Então você conclui, por interpretação das instruções, que o fogo médio seria uma temperatura inferior aos 180° citados. Faz sentido: você preaquece em fogo alto porque vai assar em fogo médio. Se fosse preaquecer em fogo médio e assar em fogo baixo você demoraria metade da noite, pois a 90° nem se ferve água, a menos que você viva na Bolívia.
Quarenta minutos depois a sua fome já está negra e a pizza deve estar pronta. Você abre a porta do forno, testa com o garfo e a merda do queijo está mais firme que aquela massa de pão que você foi amassar e precisou pedir ajuda do vizinho para livrar as mãos. Depois de xingar mentalmente você resolve esperar mais cinco minutos, e a droga do queijo, que só podia ser feito do leite de uma vaca chifruda, continua tão firme que se fosse em formato de projétil você poderia usar como munição. Você fecha o forno mais cinco minutos e o raio do queijo parece um russo que acabou de nadar num lago congelado. A essa altura você está xingando a vaca e todos os seus ancestrais. Resolve deixar a pizza no forno por dez minutos, e quando volta a porcaria do queijo mal começou a derreter e a casa está empestada com um cheiro de plástico queimado. Você retira a pizza do forno para comer mesmo assim, vê que está meio crua por cima, ainda congelada por baixo do recheio, ressecada nas bordas e grudou no protetor de isopor que você esqueceu de tirar antes de pôr no forno.
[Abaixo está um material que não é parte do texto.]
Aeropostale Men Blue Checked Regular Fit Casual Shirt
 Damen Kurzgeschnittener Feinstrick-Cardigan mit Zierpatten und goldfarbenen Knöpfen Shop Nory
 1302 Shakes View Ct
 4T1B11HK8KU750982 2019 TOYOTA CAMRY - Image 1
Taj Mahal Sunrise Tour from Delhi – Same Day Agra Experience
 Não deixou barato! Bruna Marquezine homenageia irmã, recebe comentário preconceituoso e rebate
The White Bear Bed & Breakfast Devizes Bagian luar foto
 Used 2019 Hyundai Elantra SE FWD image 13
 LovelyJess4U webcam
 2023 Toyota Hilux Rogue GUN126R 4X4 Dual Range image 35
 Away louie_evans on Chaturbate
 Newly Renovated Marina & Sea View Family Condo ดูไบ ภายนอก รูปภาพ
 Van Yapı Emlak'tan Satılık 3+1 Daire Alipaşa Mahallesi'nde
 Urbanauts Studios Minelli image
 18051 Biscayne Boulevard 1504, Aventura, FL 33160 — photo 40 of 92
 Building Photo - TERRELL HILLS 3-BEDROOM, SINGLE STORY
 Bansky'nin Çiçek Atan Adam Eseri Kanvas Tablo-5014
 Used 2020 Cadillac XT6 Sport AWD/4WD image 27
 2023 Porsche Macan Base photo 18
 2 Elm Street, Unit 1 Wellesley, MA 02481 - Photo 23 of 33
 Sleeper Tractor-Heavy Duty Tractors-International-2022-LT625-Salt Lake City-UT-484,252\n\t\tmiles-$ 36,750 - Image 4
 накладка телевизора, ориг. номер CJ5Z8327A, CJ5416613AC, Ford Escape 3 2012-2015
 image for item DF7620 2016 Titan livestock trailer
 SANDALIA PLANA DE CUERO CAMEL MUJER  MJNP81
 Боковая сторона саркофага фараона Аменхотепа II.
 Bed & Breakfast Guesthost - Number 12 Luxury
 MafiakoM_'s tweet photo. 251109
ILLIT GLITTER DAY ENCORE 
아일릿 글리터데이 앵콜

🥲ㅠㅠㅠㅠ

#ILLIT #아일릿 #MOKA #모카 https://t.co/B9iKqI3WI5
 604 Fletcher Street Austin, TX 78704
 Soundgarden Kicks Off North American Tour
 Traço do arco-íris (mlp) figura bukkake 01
Da vez seguinte em que você tenta assar uma pizza você resolve ser mais esperto. Preaquece o forno a 90° (“fogo baixo”) para assar a 180° (“fogo médio”). Nem passa pela sua cabeça preaquecer a 180° para assar em 260°, talvez por receio de que algum diabrete se instale no seu forno achando que é quitinete, já que o inferno decididamente anda cheio.
Então você deixa o forno “preaquecido” e coloca a pizza por quarenta minutos. Quando volta e abre a porta, a massa esturricou, o maldito queijo não derreteu por inteiro e o tal diabrete lhe pede licença e fecha a porta do forno na sua cara.
Achei o tom do texto muito leve ao mesmo tempo que compartilhei do fervor da pregação.
A superanálise do mundano é o que funciona perfeitamente para mim nesse texto. O que é meio obsessivo,mas também trás o aspecto divertido.
Obrigado pela recomendação. Vou deixar a aba aberta com o blog e assim que tiver tempo livre ler mais.